**Provided entries**
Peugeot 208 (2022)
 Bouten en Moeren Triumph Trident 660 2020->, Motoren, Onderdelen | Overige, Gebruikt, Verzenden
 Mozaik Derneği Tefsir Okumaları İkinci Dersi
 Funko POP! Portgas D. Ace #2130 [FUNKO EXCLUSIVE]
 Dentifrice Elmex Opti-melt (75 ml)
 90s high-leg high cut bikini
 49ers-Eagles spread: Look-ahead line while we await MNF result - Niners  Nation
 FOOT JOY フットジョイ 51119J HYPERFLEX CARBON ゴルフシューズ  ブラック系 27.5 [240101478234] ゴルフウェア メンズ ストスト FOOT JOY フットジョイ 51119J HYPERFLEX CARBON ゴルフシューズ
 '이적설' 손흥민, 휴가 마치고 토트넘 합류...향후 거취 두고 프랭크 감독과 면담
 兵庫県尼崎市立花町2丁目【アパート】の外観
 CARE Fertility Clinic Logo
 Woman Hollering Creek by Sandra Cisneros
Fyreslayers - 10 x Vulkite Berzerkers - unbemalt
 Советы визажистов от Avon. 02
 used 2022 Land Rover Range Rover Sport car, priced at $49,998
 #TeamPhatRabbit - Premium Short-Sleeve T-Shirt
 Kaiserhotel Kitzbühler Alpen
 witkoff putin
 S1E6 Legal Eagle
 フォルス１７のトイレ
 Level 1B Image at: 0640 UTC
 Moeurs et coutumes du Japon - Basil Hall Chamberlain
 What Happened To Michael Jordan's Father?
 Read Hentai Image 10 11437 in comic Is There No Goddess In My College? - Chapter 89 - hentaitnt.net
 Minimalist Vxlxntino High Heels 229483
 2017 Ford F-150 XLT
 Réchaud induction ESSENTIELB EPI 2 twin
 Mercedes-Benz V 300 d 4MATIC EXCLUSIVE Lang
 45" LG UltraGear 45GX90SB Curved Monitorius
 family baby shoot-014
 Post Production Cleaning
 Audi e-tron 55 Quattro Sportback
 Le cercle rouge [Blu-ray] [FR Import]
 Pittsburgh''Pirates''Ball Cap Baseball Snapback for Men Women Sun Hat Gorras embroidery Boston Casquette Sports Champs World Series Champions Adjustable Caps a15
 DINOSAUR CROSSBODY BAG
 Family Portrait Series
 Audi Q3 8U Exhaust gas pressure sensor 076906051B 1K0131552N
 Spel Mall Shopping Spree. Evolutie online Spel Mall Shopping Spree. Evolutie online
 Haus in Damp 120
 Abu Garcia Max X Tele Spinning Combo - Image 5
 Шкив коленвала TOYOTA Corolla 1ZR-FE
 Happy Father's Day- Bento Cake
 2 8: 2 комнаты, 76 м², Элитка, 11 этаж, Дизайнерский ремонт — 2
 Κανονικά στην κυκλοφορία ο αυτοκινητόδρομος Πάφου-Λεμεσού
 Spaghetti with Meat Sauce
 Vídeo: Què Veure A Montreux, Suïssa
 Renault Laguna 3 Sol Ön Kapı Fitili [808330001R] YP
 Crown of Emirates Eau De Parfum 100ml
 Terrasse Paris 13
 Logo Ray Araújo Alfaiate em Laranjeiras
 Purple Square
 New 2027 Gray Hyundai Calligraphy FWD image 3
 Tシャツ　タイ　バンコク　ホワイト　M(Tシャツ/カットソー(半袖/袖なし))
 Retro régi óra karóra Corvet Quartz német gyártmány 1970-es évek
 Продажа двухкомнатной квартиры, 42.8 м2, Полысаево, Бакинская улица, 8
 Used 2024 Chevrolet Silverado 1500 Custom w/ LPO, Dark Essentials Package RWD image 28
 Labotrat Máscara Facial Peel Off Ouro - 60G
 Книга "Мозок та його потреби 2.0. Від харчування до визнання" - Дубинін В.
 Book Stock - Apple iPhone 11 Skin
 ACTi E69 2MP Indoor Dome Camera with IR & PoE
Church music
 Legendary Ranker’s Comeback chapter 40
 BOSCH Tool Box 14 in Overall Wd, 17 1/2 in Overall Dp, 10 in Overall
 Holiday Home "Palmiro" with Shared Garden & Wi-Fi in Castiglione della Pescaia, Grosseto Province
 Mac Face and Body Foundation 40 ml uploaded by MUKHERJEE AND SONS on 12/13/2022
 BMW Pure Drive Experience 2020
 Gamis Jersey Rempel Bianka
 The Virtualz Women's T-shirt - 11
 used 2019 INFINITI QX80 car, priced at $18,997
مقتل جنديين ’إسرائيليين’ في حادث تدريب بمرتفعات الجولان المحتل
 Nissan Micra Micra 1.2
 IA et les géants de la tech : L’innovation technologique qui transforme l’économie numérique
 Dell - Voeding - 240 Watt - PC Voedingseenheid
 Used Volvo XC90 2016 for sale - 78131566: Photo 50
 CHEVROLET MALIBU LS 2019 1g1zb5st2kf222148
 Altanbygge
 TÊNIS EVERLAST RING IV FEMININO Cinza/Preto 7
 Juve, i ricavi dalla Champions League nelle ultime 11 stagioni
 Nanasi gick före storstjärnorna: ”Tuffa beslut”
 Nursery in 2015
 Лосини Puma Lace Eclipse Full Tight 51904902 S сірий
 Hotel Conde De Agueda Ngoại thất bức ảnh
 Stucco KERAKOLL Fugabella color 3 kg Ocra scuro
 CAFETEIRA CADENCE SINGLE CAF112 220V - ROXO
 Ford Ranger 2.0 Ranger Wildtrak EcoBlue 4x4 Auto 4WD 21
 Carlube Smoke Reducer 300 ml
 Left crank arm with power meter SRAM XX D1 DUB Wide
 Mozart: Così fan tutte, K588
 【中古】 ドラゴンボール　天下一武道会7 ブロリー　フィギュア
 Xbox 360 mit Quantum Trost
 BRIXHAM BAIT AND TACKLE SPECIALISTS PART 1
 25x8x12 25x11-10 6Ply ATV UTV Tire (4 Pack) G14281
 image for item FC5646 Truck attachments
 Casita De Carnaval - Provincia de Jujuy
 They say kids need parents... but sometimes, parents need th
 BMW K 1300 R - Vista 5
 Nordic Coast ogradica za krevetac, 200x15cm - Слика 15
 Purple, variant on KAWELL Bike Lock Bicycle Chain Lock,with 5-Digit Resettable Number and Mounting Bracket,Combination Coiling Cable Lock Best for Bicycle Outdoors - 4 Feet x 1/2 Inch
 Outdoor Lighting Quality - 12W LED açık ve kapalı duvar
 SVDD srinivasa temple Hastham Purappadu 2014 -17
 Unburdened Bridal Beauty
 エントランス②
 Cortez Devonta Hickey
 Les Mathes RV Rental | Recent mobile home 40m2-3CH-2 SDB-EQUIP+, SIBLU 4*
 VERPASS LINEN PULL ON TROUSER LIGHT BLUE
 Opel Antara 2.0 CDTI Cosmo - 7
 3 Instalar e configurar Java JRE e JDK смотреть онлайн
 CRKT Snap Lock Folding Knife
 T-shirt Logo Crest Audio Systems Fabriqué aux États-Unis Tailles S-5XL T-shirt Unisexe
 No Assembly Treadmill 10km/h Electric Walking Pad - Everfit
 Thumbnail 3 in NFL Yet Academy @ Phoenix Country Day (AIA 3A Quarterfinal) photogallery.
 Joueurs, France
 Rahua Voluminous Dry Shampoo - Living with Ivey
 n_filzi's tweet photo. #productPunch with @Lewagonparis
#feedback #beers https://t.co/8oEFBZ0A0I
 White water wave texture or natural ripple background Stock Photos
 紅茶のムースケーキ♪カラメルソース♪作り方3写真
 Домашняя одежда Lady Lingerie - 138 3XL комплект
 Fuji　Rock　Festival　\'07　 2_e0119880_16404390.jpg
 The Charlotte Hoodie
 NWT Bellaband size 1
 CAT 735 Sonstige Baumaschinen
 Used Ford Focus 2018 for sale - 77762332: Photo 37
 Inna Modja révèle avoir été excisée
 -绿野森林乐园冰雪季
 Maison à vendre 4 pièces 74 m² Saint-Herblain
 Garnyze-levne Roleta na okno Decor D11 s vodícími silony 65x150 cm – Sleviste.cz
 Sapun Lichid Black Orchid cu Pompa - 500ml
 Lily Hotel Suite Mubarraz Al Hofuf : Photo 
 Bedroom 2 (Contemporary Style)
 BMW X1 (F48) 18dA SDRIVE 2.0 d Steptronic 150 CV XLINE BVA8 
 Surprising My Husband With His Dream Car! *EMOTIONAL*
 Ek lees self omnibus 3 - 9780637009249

**What needs to be done**
Only the lines above from the one with "Pescaia, Grosseto Province" up to and including the one with "image for item FC5646 Truck attachments" should be repeated, exactly as written.

**Output of the exercise**
 Holiday Home "Palmiro" with Shared Garden & Wi-Fi in Castiglione della Pescaia, Grosseto Province
 Mac Face and Body Foundation 40 ml uploaded by MUKHERJEE AND SONS on 12/13/2022
 BMW Pure Drive Experience 2020
 Gamis Jersey Rempel Bianka
 The Virtualz Women's T-shirt - 11
 used 2019 INFINITI QX80 car, priced at $18,997
مقتل جنديين ’إسرائيليين’ في حادث تدريب بمرتفعات الجولان المحتل
 Nissan Micra Micra 1.2
 IA et les géants de la tech : L’innovation technologique qui transforme l’économie numérique
 Dell - Voeding - 240 Watt - PC Voedingseenheid
 Used Volvo XC90 2016 for sale - 78131566: Photo 50
 CHEVROLET MALIBU LS 2019 1g1zb5st2kf222148
 Altanbygge
 TÊNIS EVERLAST RING IV FEMININO Cinza/Preto 7
 Juve, i ricavi dalla Champions League nelle ultime 11 stagioni
 Nanasi gick före storstjärnorna: ”Tuffa beslut”
 Nursery in 2015
 Лосини Puma Lace Eclipse Full Tight 51904902 S сірий
 Hotel Conde De Agueda Ngoại thất bức ảnh
 Stucco KERAKOLL Fugabella color 3 kg Ocra scuro
 CAFETEIRA CADENCE SINGLE CAF112 220V - ROXO
 Ford Ranger 2.0 Ranger Wildtrak EcoBlue 4x4 Auto 4WD 21
 Carlube Smoke Reducer 300 ml
 Left crank arm with power meter SRAM XX D1 DUB Wide
 Mozart: Così fan tutte, K588
 【中古】 ドラゴンボール　天下一武道会7 ブロリー　フィギュア
 Xbox 360 mit Quantum Trost
 BRIXHAM BAIT AND TACKLE SPECIALISTS PART 1
 25x8x12 25x11-10 6Ply ATV UTV Tire (4 Pack) G14281
 image for item FC5646 Truck attachments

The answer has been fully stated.